▶ **Crawled caption data**:
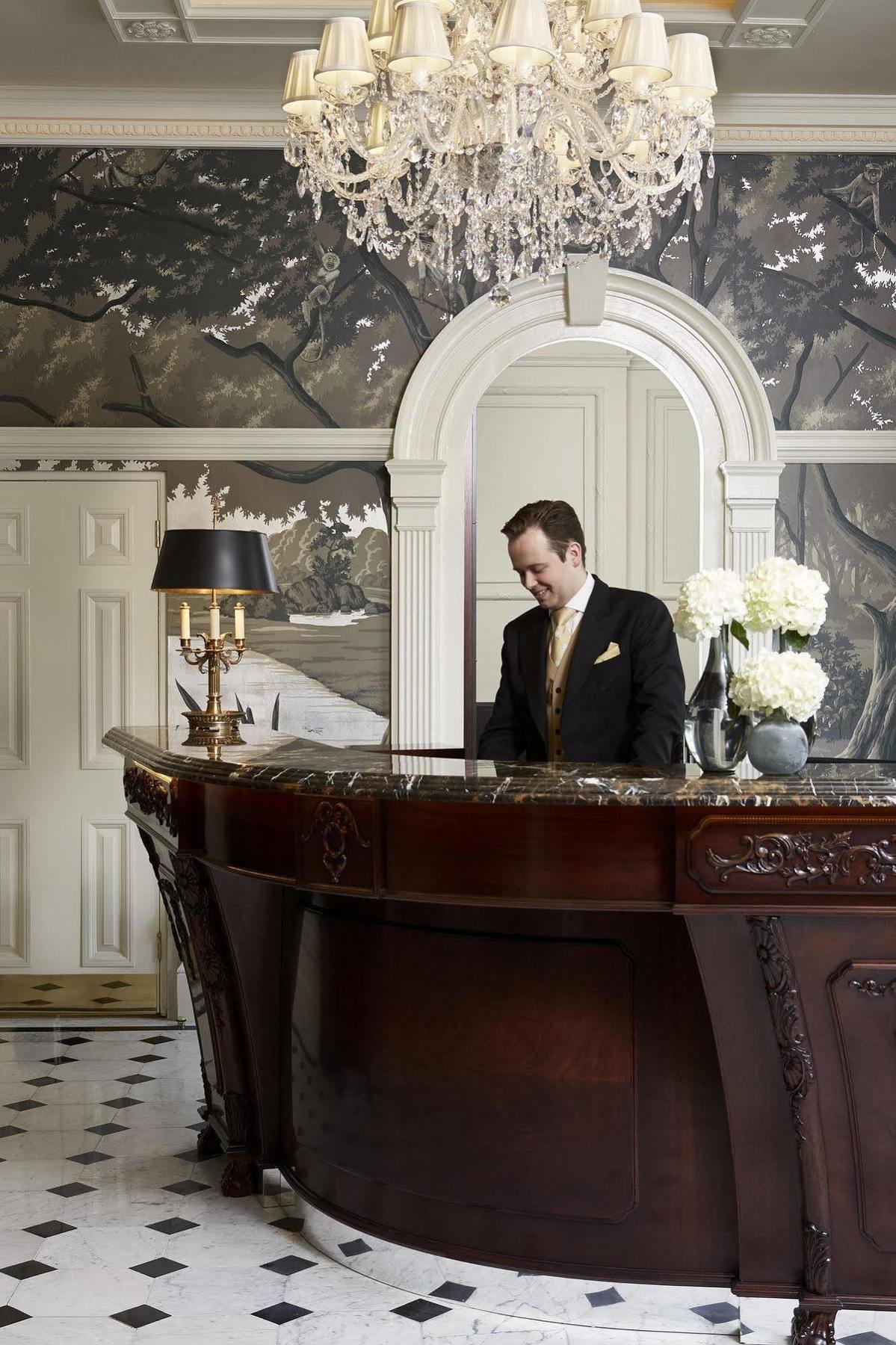 The Goring 5*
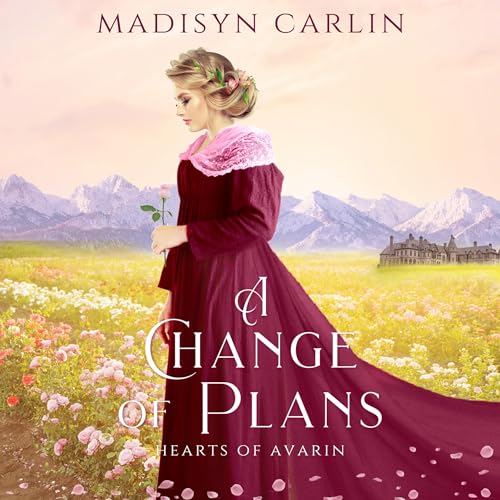 Cover of A Change of Plans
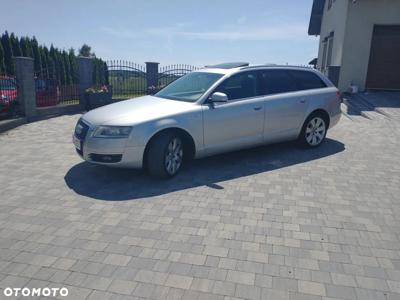 Audi A6 4.2 Quattro Tiptronic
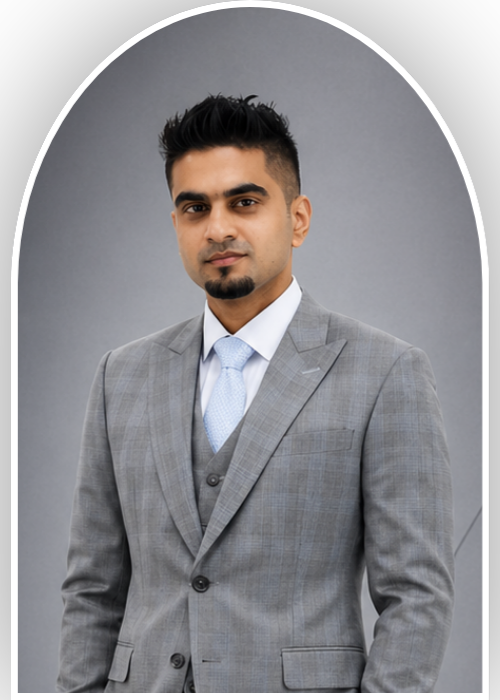 Dr Eswaran - Orthopedic Specialist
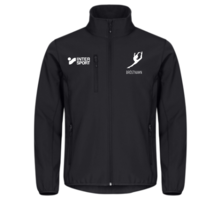 Classic Softshell Jr jacka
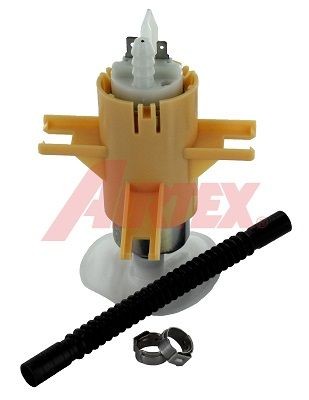 AIRTEX Bomba de gasolina E10361 Módulo de alimentação de combustível AIRTEX Skoda CITIGO E10361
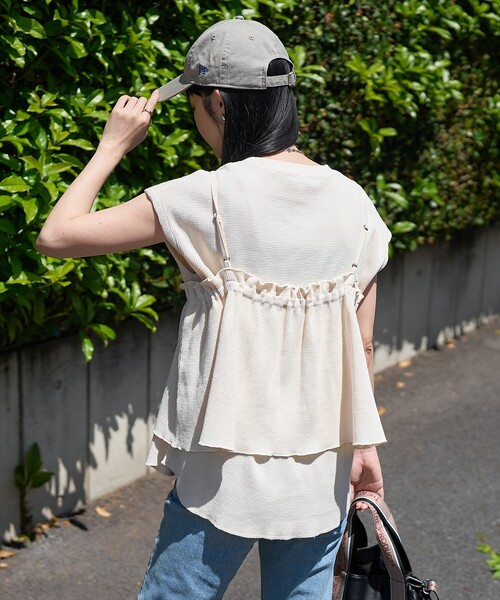 FREAK'S STORE（フリークスストア）の「【セットアイテム】ワッフル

▶ **Your objective**:
Strip out the pictures and quote the remaining data word for word.

▶ **Exercise response**:
 The Goring 5*
 Cover of A Change of Plans
 Audi A6 4.2 Quattro Tiptronic
 Dr Eswaran - Orthopedic Specialist
 Classic Softshell Jr jacka
 AIRTEX Bomba de gasolina E10361 Módulo de alimentação de combustível AIRTEX Skoda CITIGO E10361
 FREAK'S STORE（フリークスストア）の「【セットアイテム】ワッフル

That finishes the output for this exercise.